What makes StarDot's webcams different from commonly available low-end “USB cams” that sell for less than $100? Ordinary USB cams requiring a short USB tether to a dedicated PC don't lend themselves to remote outdoor placement, and don't support lens options, multiple camera operation, or high quality imaging. StarDot's high-end Internet-enabled webcams on the other hand, are specifically designed for remote imaging applications.

The webcams are often used to increase web site traffic. According to Kozik, webcam pages are among the best-linked pages on the net. For example, “the webcam pointing at the Old Faithful Geyser in Yellowstone Park currently accounts for nearly one half of the traffic on all U.S. national park websites combined”, he says.

An obvious use of remote imaging is in viewing things that would otherwise require traveling there. Suppose, for example, an alarm goes off or a piece of remote equipment sends a notification that something has gone wrong. Rather than sending an employee to the location (which could be quite costly and time consuming), a remote webcam could be used to observe whether a problem actually exists. Other possibilities include applications in construction, tourism, marketing, traffic control, building monitoring, surveillance, and security.

The future of remote imaging

According to Kozik, the world of remote imaging — such as NOAA's use for the NetCam at the North Pole is (ahem) “just the tip of the iceberg.”
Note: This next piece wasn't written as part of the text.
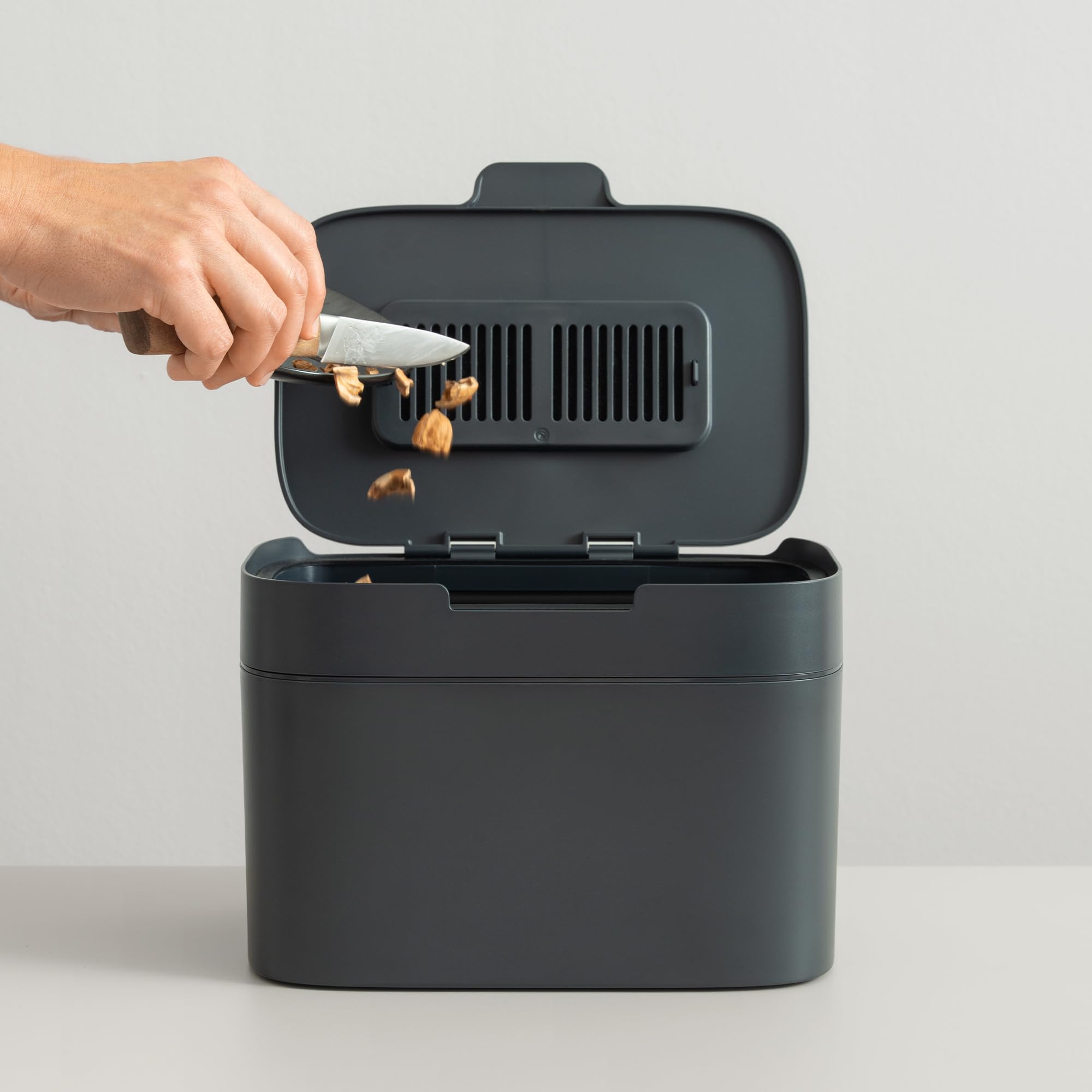 KAZAI. Bio-Mülleimer 'Elin' | 4,5L Kompost-Eimer mit Kohlefilter | Geruchsdicht, Spülmaschinenfest, inkl. Innenbehälter | Biomüll-Behälter für die Küche | Graphite-Schwarz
“The number of installations and variety of uses for webcams is on the verge of exploding,” he says. “As wireless Internet technology becomes cheaper and more widespread, I predict that the remote imaging/video market will eventually overtake the digital camera consumer market — both tethered and portable. Virtually every room, parking space, vehicle, piece of equipment, and street corner will have some form of IP-addressable camera.” [Editor: Perish the thought!]

“And chances are, the majority of them will be powered by embedded Linux — it only makes sense,” adds Kozik. [Editor: ah, this is good ;)]

When can I get one and how much will it cost?

NetCam is available now for $599 in single piece quantities, and can be purchased directly from StarDot or via the company's reseller network.